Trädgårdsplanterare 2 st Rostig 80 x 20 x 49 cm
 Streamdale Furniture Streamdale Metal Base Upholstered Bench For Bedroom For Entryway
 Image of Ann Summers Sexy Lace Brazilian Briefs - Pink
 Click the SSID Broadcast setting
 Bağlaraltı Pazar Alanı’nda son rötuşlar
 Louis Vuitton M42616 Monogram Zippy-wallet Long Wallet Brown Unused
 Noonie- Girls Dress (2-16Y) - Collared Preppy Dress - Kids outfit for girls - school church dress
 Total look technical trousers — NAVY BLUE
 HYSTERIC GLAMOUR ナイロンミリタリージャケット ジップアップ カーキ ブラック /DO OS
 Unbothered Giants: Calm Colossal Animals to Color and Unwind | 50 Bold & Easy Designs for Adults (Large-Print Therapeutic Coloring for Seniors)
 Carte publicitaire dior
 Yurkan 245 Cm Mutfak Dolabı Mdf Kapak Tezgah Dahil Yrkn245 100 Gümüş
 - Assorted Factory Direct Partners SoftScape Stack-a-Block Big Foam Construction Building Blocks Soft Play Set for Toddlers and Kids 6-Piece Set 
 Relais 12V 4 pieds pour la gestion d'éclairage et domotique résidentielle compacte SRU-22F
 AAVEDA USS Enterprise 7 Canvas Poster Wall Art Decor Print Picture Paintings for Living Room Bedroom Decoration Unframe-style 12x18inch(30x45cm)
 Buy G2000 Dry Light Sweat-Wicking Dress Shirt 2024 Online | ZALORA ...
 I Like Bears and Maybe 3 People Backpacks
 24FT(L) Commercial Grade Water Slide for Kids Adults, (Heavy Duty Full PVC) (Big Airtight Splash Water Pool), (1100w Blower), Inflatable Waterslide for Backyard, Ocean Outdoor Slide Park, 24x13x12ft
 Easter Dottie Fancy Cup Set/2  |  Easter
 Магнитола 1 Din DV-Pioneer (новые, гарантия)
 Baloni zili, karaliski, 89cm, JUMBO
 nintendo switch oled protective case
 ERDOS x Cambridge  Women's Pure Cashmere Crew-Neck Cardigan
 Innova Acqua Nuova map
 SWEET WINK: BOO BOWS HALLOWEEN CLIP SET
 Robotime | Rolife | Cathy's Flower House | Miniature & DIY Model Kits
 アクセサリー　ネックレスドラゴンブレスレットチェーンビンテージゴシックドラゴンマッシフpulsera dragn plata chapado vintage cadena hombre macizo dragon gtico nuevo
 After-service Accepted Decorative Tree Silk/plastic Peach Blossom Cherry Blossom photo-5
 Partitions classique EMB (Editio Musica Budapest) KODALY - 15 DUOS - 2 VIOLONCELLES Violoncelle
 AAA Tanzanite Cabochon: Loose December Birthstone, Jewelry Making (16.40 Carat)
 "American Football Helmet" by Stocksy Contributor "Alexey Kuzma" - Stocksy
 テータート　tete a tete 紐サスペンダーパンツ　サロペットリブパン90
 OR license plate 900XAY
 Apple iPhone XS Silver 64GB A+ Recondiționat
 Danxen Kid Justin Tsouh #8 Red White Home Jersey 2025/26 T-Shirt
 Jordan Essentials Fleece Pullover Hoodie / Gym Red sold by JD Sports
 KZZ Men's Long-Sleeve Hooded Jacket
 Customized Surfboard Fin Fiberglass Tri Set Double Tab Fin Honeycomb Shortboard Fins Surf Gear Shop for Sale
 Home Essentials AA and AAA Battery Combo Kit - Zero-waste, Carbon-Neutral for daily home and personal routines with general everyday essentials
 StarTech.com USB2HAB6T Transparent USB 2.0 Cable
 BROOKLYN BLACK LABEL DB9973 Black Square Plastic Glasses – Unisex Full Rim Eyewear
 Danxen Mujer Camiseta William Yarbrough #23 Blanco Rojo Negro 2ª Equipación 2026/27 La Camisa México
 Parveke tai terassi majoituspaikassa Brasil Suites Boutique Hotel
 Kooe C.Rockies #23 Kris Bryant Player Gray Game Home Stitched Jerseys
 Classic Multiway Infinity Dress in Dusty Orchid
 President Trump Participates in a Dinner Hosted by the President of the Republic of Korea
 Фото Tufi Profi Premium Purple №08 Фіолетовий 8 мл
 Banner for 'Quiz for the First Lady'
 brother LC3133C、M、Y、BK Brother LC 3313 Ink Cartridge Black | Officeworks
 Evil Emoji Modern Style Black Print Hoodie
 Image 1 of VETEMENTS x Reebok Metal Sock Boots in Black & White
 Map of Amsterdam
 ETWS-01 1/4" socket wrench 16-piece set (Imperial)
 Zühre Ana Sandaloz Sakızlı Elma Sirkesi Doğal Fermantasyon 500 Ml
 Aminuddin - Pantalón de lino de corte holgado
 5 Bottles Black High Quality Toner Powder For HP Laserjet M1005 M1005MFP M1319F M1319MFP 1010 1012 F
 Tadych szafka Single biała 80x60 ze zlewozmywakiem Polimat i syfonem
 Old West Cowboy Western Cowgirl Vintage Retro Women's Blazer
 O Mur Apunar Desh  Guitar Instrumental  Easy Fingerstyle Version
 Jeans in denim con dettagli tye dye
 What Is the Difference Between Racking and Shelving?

◆ ◆ ◆

TASK REQUIREMENTS »
Reprint exactly the lines above that start at the one with "Bağlaraltı Pazar Alanı’nda son rötuşlar" and end at the one with "Yurkan 245 Cm", keeping both and adding none.

SOLUTION TO THE PROBLEM »
 Bağlaraltı Pazar Alanı’nda son rötuşlar
 Louis Vuitton M42616 Monogram Zippy-wallet Long Wallet Brown Unused
 Noonie- Girls Dress (2-16Y) - Collared Preppy Dress - Kids outfit for girls - school church dress
 Total look technical trousers — NAVY BLUE
 HYSTERIC GLAMOUR ナイロンミリタリージャケット ジップアップ カーキ ブラック /DO OS
 Unbothered Giants: Calm Colossal Animals to Color and Unwind | 50 Bold & Easy Designs for Adults (Large-Print Therapeutic Coloring for Seniors)
 Carte publicitaire dior
 Yurkan 245 Cm Mutfak Dolabı Mdf Kapak Tezgah Dahil Yrkn245 100 Gümüş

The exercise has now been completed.